As can be observed, the naive injection approach often fails short of adhering to the customized data, or leads to significant artifacts. For example, the "melting golden" style (top rows) displays a distorted background and lacks the melting drops that are characteristic to the style. The featurs of the chipmunk (bottom rows) are not captured accurately (e.g., the chicks and the forehead’s color). Additionally, the identity of the chipmunk changes across the frames. In contrast, when applying our method, the “melting golden” background matches the reference image and the model produces dripping motion. Similarly, the chipmunk maintains a consistent identity that matches the reference images.
We present a qualitative comparison of our method and the baselines, as shown in Sec. 4.1 in the main text.
Qualitative results of VideoBooth [Jiang et al. 2023], which conditions video generation on content extracted from a single masked image (shown on the left). As seen, this method is incapable of generalizing across scenes and object's pose.
In Sec. 4.3 we ablate the 3 main design choices of our method: applying the Motion Adapters, using Spatial Adapters, and the use of a prior preservation loss.
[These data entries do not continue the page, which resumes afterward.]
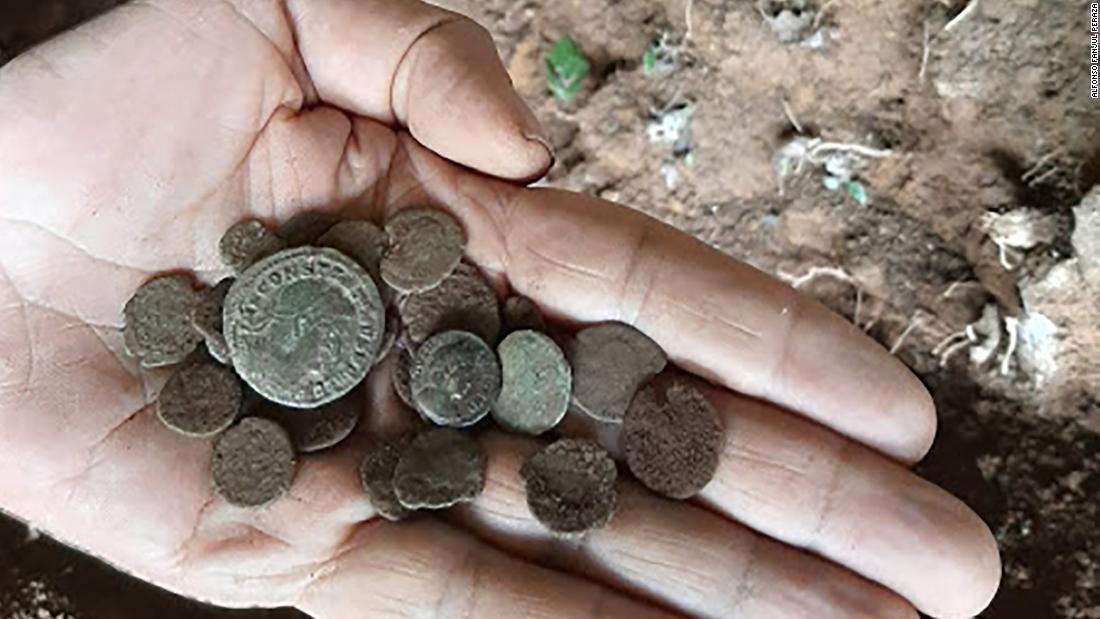 Badger leads archaeologists to hoard of Roman coins in Spain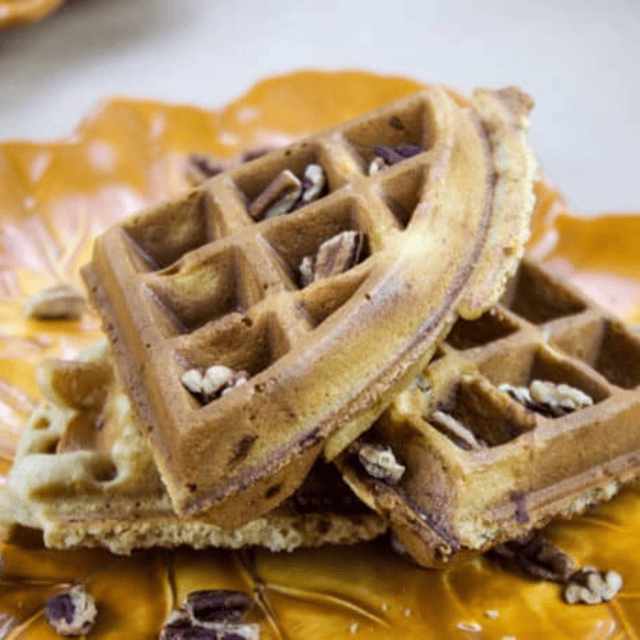 waffles stacked on top of each other on a festive plate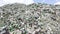 Glass waste in recycling facility. Pile of bottles. Zoom out.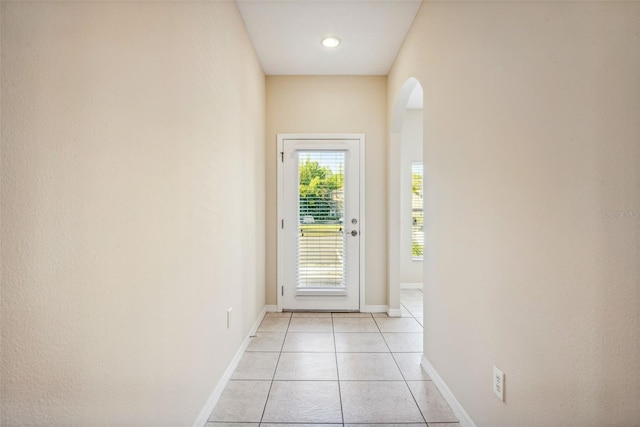 31215 Flannery Ct, Wesley Chapel, FL 33543 - doorway featuring arched walkways, light tile patterned floors, and baseboards
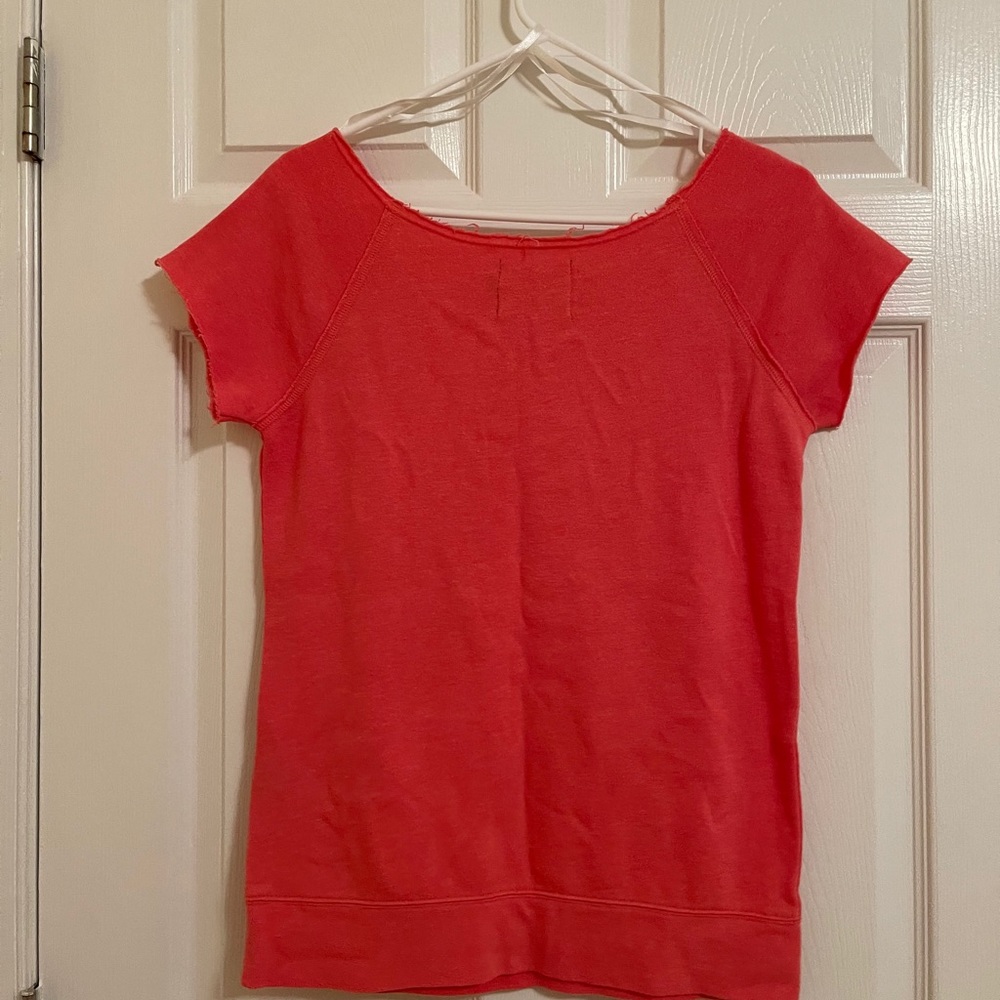 Vibrant volcom top with a bow accent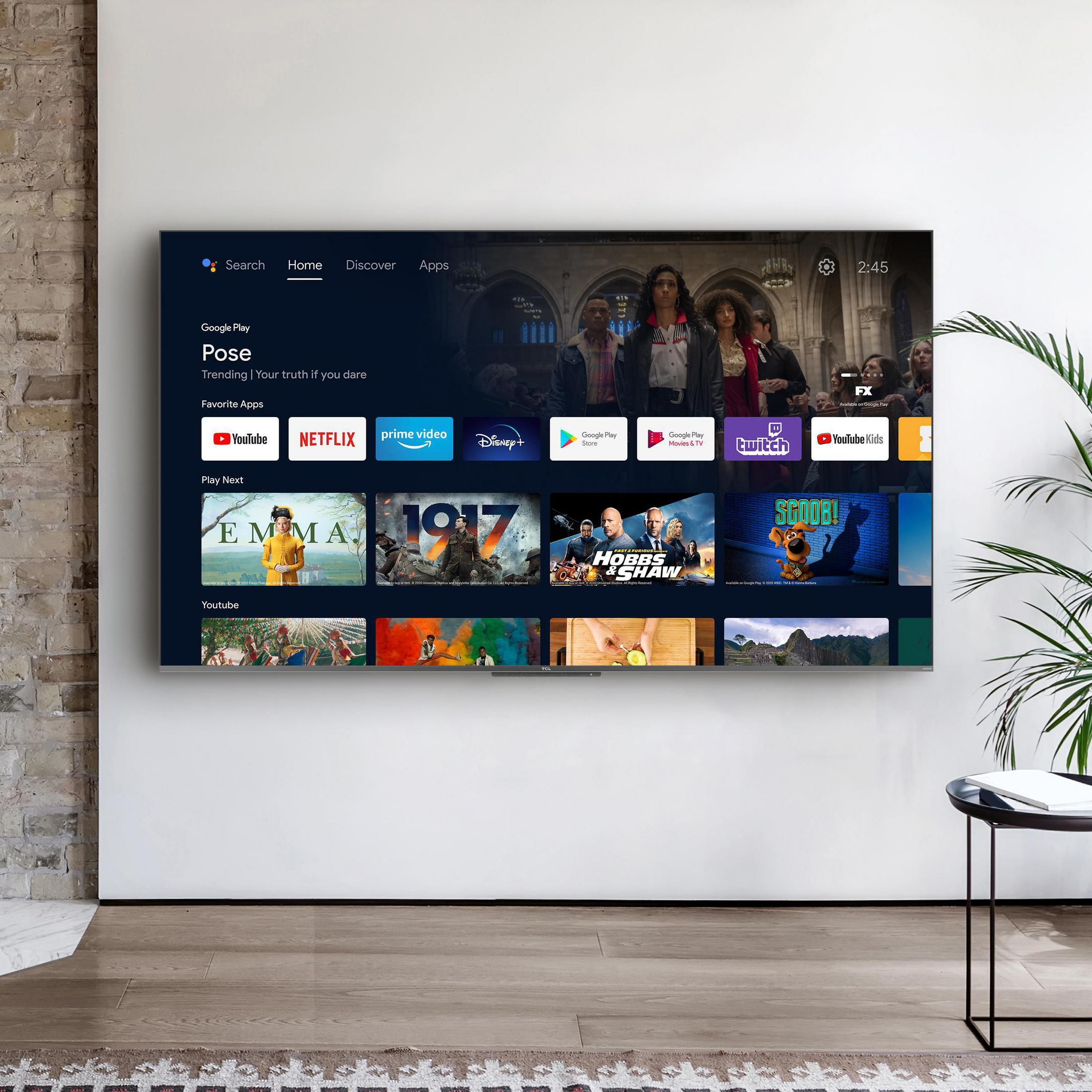 TV affichant des applications de streaming sur un mur blanc. Une plante et une table d'appoint à droite.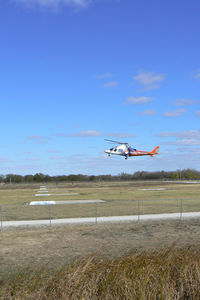  @ Bell Training Facility Heliport - Texas Motor Speedway Heliport - CareFlite N144CF landing during the Boy Scout Camporee - by Zane Adams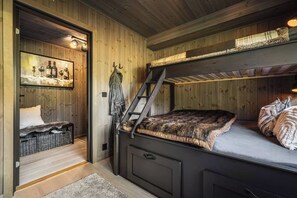 Een gezellige kamer met een stapelbed, een ladder, een klein tafeltje met flessen en een schilderij aan de muur.
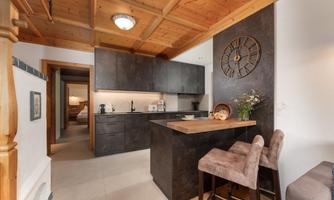 A modern kitchen with a wooden ceiling and elegant dark cabinets. The dining area is furnished with two chairs and a small wooden table.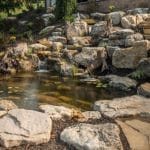 pond with mountain boulders and stream beside a flagstone patio
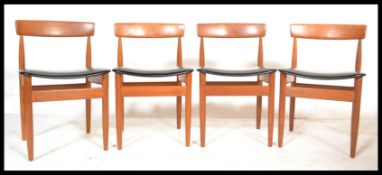Frem Rojle for Hans Olsen - A set of six elm dining chairs raised on tapering legs and supports with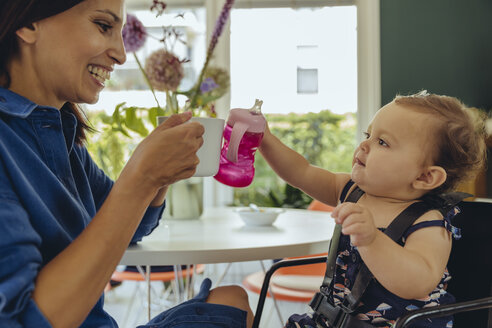 Happy mother and baby daughter clinking coffee cup and baby bottle - MFF04652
We present the effect of using different scales for the Motion Adapter, as discussed in App. 3.
As described in Sec. 4.4, our method is limited by the quality of the injected customized T2I model. If the customized T2I model fails to capture the identity or overfits to certain aspects (e.g. background), our model will inherit these properties. Below are examples for inaccurate identity (top) and overfitting on the background (bottom).
Our primary goal in this work is to enable novice users to generate visual content in an creative and flexible way. However, there is a risk of misuse for creating fake or harmful content with our technology, and we believe that it is crucial to develop and apply tools for detecting biases and malicious use cases in order to ensure a safe and fair use.